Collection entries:
================================

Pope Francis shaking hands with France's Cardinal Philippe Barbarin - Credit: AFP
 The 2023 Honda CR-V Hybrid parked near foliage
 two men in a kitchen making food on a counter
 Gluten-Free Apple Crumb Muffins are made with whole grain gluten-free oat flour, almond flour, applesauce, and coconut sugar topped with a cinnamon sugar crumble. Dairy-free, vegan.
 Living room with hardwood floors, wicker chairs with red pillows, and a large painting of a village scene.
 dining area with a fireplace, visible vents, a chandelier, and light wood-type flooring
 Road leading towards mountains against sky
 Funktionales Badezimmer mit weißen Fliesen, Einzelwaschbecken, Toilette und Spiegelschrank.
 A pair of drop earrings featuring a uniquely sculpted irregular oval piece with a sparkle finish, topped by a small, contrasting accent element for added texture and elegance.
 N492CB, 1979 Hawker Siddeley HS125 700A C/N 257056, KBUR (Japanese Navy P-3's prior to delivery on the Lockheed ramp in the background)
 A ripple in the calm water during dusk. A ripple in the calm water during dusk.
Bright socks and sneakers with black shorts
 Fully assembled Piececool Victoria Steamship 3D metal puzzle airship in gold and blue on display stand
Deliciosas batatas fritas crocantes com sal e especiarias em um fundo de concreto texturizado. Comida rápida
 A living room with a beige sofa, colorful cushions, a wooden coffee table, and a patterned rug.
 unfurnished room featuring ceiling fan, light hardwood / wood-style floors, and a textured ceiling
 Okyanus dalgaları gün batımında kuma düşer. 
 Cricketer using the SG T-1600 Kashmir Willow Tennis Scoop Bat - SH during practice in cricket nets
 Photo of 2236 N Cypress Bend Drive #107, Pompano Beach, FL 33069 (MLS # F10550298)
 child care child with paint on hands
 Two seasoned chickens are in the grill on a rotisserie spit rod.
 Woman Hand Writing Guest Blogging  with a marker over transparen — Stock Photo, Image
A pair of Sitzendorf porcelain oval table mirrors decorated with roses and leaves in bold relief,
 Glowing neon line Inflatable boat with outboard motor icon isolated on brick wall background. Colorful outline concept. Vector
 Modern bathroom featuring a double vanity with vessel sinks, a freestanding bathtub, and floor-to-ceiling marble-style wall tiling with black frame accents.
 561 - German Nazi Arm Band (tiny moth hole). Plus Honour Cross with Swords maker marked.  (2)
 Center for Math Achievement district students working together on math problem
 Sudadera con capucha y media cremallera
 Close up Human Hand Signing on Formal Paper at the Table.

================================

Your goal. The result consists of the line with "A ripple in the calm water during dusk. A" through the last line of the entries above, repeated exactly and with nothing else.

Answer for this exercise.
 A ripple in the calm water during dusk. A ripple in the calm water during dusk.
Bright socks and sneakers with black shorts
 Fully assembled Piececool Victoria Steamship 3D metal puzzle airship in gold and blue on display stand
Deliciosas batatas fritas crocantes com sal e especiarias em um fundo de concreto texturizado. Comida rápida
 A living room with a beige sofa, colorful cushions, a wooden coffee table, and a patterned rug.
 unfurnished room featuring ceiling fan, light hardwood / wood-style floors, and a textured ceiling
 Okyanus dalgaları gün batımında kuma düşer. 
 Cricketer using the SG T-1600 Kashmir Willow Tennis Scoop Bat - SH during practice in cricket nets
 Photo of 2236 N Cypress Bend Drive #107, Pompano Beach, FL 33069 (MLS # F10550298)
 child care child with paint on hands
 Two seasoned chickens are in the grill on a rotisserie spit rod.
 Woman Hand Writing Guest Blogging  with a marker over transparen — Stock Photo, Image
A pair of Sitzendorf porcelain oval table mirrors decorated with roses and leaves in bold relief,
 Glowing neon line Inflatable boat with outboard motor icon isolated on brick wall background. Colorful outline concept. Vector
 Modern bathroom featuring a double vanity with vessel sinks, a freestanding bathtub, and floor-to-ceiling marble-style wall tiling with black frame accents.
 561 - German Nazi Arm Band (tiny moth hole). Plus Honour Cross with Swords maker marked.  (2)
 Center for Math Achievement district students working together on math problem
 Sudadera con capucha y media cremallera
 Close up Human Hand Signing on Formal Paper at the Table.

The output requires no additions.